Start of Information provided

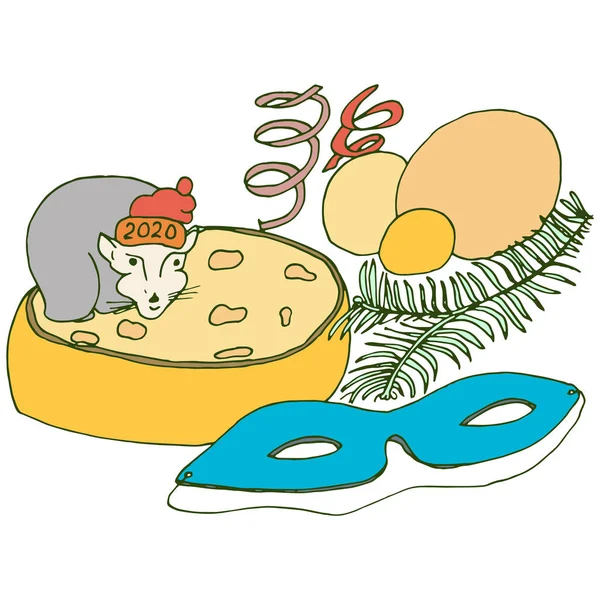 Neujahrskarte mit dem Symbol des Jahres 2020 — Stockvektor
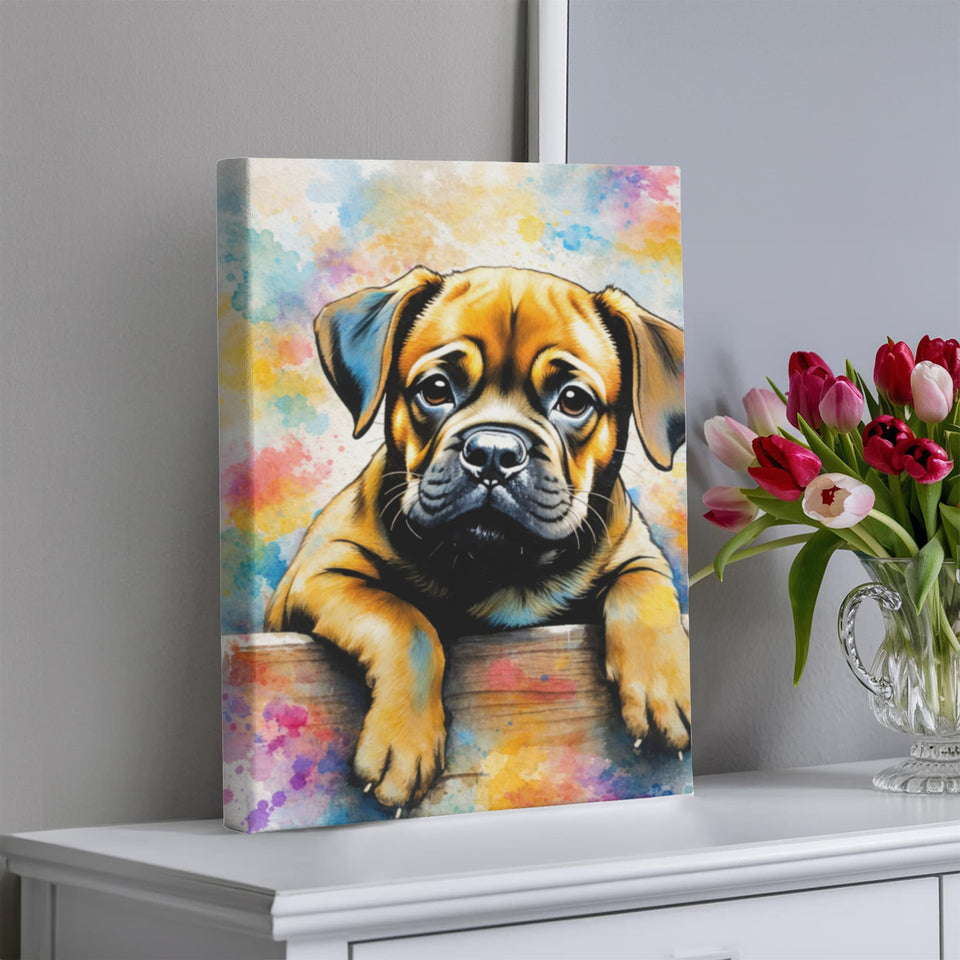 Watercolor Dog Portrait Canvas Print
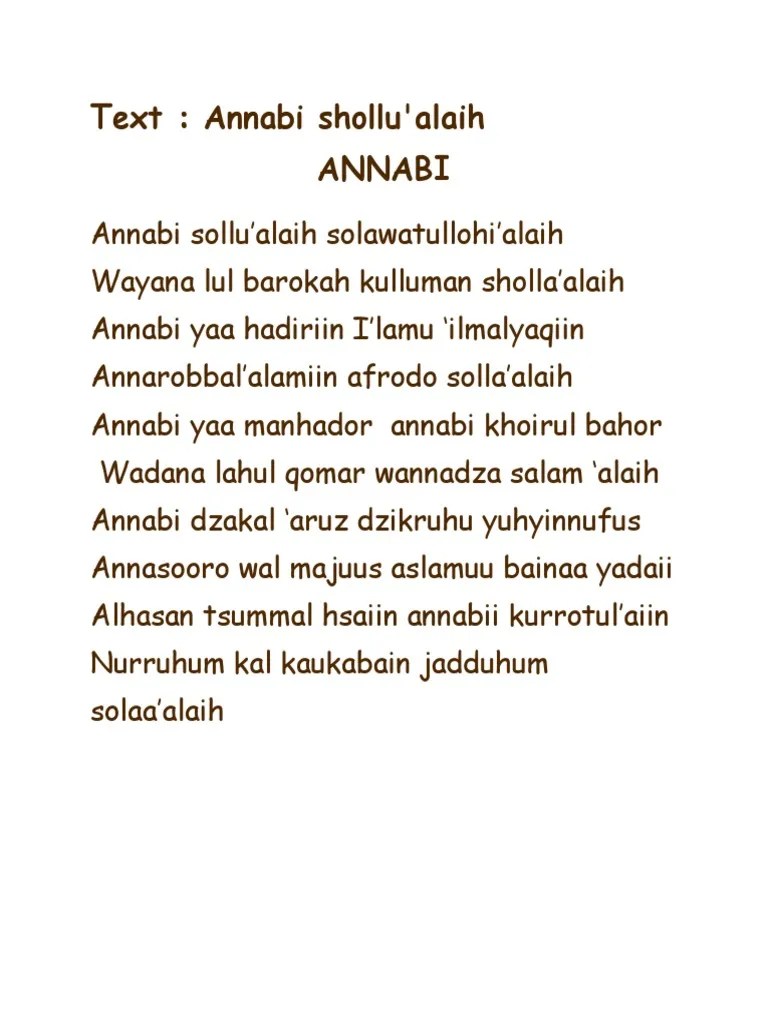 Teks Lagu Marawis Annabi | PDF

End of Information provided

Omit all images when repeating the data above exactly.

→ **Your response**:
 Neujahrskarte mit dem Symbol des Jahres 2020 — Stockvektor
 Watercolor Dog Portrait Canvas Print
 Teks Lagu Marawis Annabi | PDF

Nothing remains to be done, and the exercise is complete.